The GPU Thread Model Basics
A GPU runs the same program across thousands of lightweight threads at once. Unlike a CPU that has a few powerful cores, a GPU has many simple cores designed for massive data parallelism. To organize all those threads, the GPU uses a hierarchy.
Threads are grouped into blocks, and blocks form a grid. Threads within a block can share a fast on chip memory and synchronize with each other, while threads in different blocks generally cannot. The grid lets a single launch cover a huge problem by spreading blocks across the hardware.
- Thread The smallest unit, runs one instance of the program.
- Block A group of threads that share memory and can synchronize.
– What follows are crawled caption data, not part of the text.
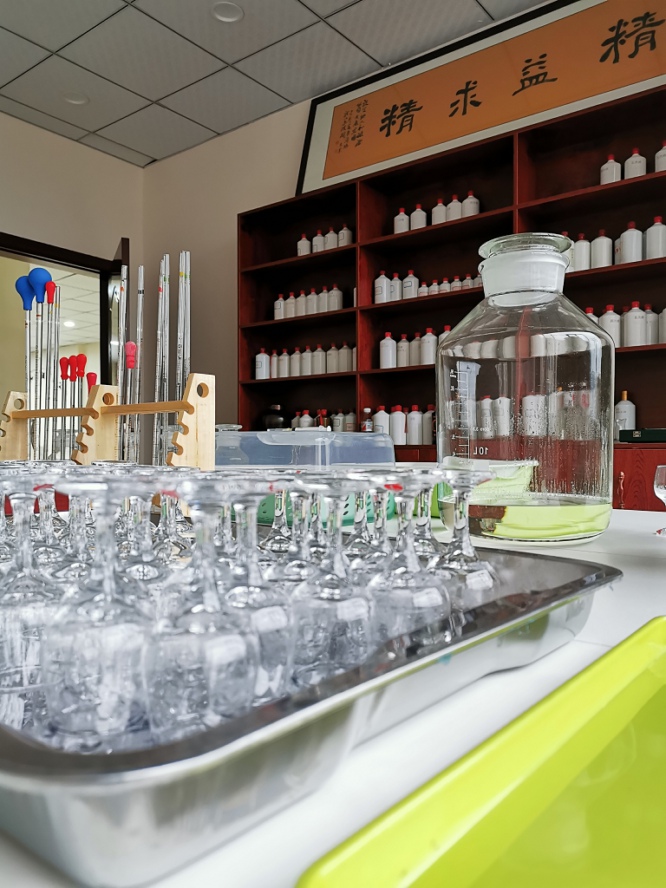 企業(yè)醬酒定制有哪些好處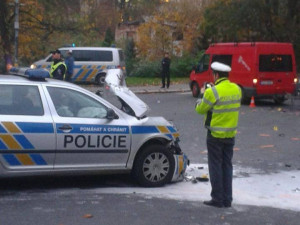 Policisté k zásahu nedojeli. Octavií nabourali po pár metrech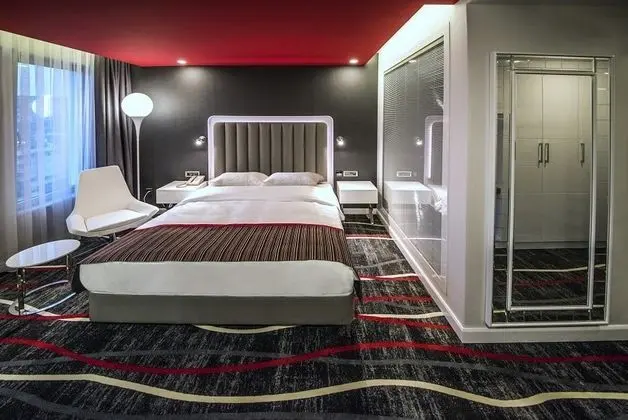 Çift Kişilik,Şehir Manzaralı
- Grid All the blocks for one launch, mapped onto the device.
Inside the hardware, threads execute in fixed groups called warps, typically thirty two threads that run in lockstep. All threads in a warp execute the same instruction together. If they take different branches, the warp runs both paths and disables the inactive threads, a slowdown called divergence.
Performance comes from keeping warps busy. Because memory latency is high, the GPU hides it by switching to other ready warps, so launching far more threads than cores is normal and desirable.
Key idea
A GPU organizes thousands of threads into warps, blocks, and a grid, running warps in lockstep and hiding memory latency by switching among many ready warps.